Two major players on the championship squad whom Cunningham guided were Marina Mabrey and Jackie Young. Both Mabrey and Young were selected in the 2019 WNBA Draft — Young went No. 1 overall to the Las Vegas Aces, while Mabrey was chosen at No. 19 by the LA Sparks.
Mabrey, a two-time All-ACC selection, two-time NCAA All-Regional member and 2019 All-Final Four honoree, finished her career as the program’s all-time leading in made three-pointers with 274. Mabrey knocked down 85 three-pointers as a junior (which ranked as the second most for a single season) and 80 threes her senior year (ranked fourth all-time). Mabrey made a three in 24 consecutive games, which ranks second all-time to Beth Morgan’s 35. In addition, she shot a career 40.0 percent from beyond the arc, which ranked fifth. During the 2018 NCAA Tournament run, Mabrey knocked down 19 three’s, which marked the most of any Irish player all-time and fifth most in Division-I history. Ultimately, Mabrey joined Lindsay Allen, Skylar Diggins, Niele Ivey, Mollie Peirick, Karen Robinson and Megan Duffy in the 1,000 points and 500 assists club, finishing her career with 1,896 points and 500 assists.

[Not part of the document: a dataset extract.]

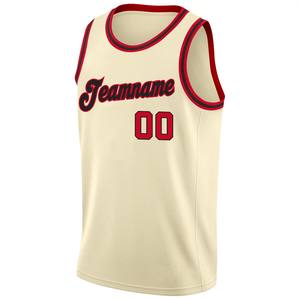 Camiseta de Baloncesto sin Mangas Personalizada con Logotipo en la Parte Delantera, Impresa por Sublimación, 100% Poliéster Transpirable, Nombre del Equipo Personalizado - Product Image 2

Then, there was the dynamic Young, who averaged 16.3 points on 47.9 percents shooting during the 2018 NCAA Tournament, which included her heroic 32-point career high performance vs UConn in the National Semifinal – The 32 points were the seventh most in a women’s Final Four contest. In her final season her junior year, Young was named an AP All-American, Cheryl Miller Award finalist and the ACC Tournament MVP. Young made history when she became the first Irish player to record two triple-doubles in the same season.
The ‘Pride of Princeton’ achieved 12 double-doubles, which broke the program record for a guard, while accumulating 17 over her career which tied Lindsay Schrader for the most by a guard.

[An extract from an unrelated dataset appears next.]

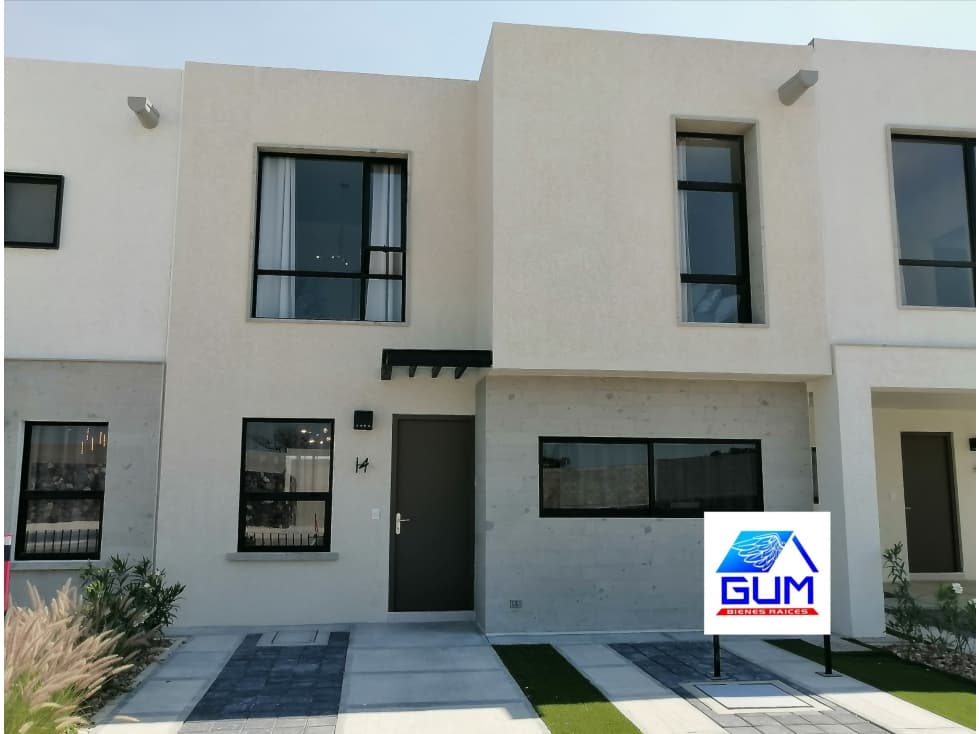 CASA EN VENTA EN ZIBATA EL MARQUES QUERETARO GAA - 1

However, Cunningham’s most notable protege could arguably be 2017 Ring of Honor inductee Kayla McBride. Under Cunningham’s steady hand, McBride became a two-time All-American, earning consensus first-team honors as a senior in 2013-14. She also was the 2014 ACC Player of the Year after averaging career highs of 17.6 points and 5.3 rebounds per game in her final season. What’s more, McBride was the 2013 BIG EAST Championship Most Outstanding Player after leading Notre Dame to its first-ever BIG EAST tournament title. McBride was dominant on the biggest stages, reflecting Cunningham’s own cool demeanor from her playing days, averaging 18.7 points per game against ranked teams in her final two seasons.
McBride was a first-round selection (No. 3 overall) in the 2014 WNBA Draft by the San Antonio Stars (now Las Vegas Aces) and earned WNBA All-Rookie Team honors and posted the highest scoring season for a San Antonio rookie since the franchise relocated from Salt Lake City in 2003. In addition, McBride was San Antonio’s leading scorer (22.5 ppg.) during the 2014 WNBA playoffs and went on to earn WNBA All-Star honors in both 2015 and 2018. She again received All-Star honors in 2018 in her first season in Las Vegas. Lastly, McBride also was named to the 2014-16 USA Basketball Senior National Team player pool and again to the 2017-20 pool.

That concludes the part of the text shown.